**The task**
Starting with the line that contains "Daruma doll tattoo idea" and ending with the last line of the listing, print each line exactly. Pictures stay out.

**Dataset extract**

+++++

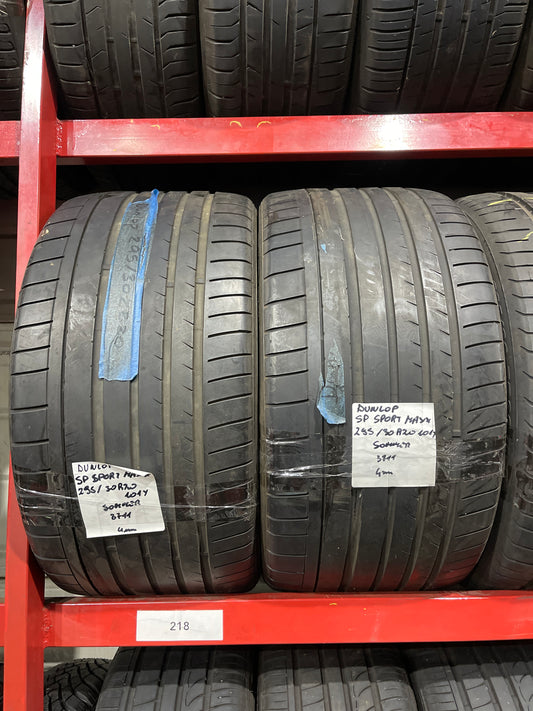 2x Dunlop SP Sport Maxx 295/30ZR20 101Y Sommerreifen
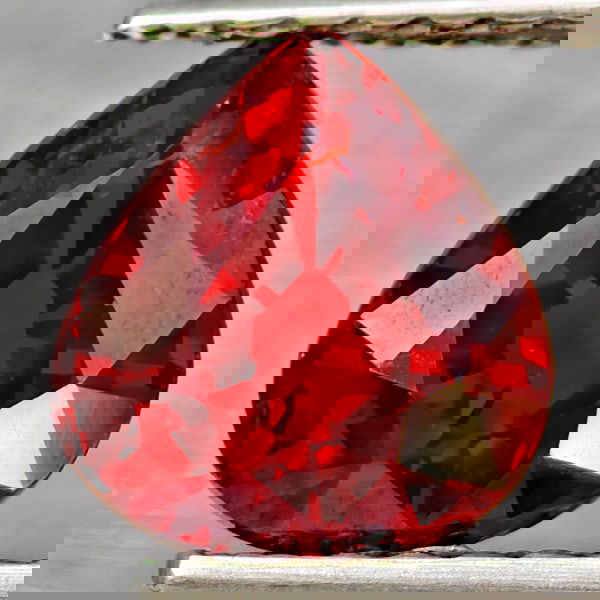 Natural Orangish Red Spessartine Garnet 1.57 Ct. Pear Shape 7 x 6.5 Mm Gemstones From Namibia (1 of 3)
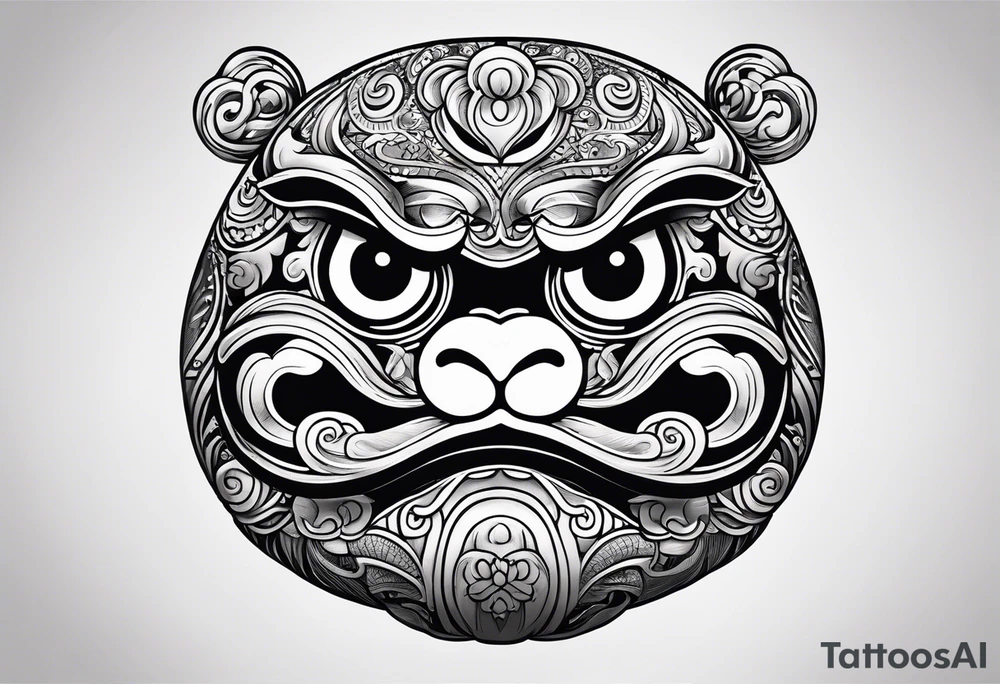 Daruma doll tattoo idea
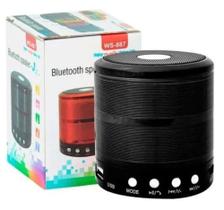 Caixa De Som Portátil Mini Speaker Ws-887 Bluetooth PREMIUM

+++++

**Result of this exercise**
 Daruma doll tattoo idea
 Caixa De Som Portátil Mini Speaker Ws-887 Bluetooth PREMIUM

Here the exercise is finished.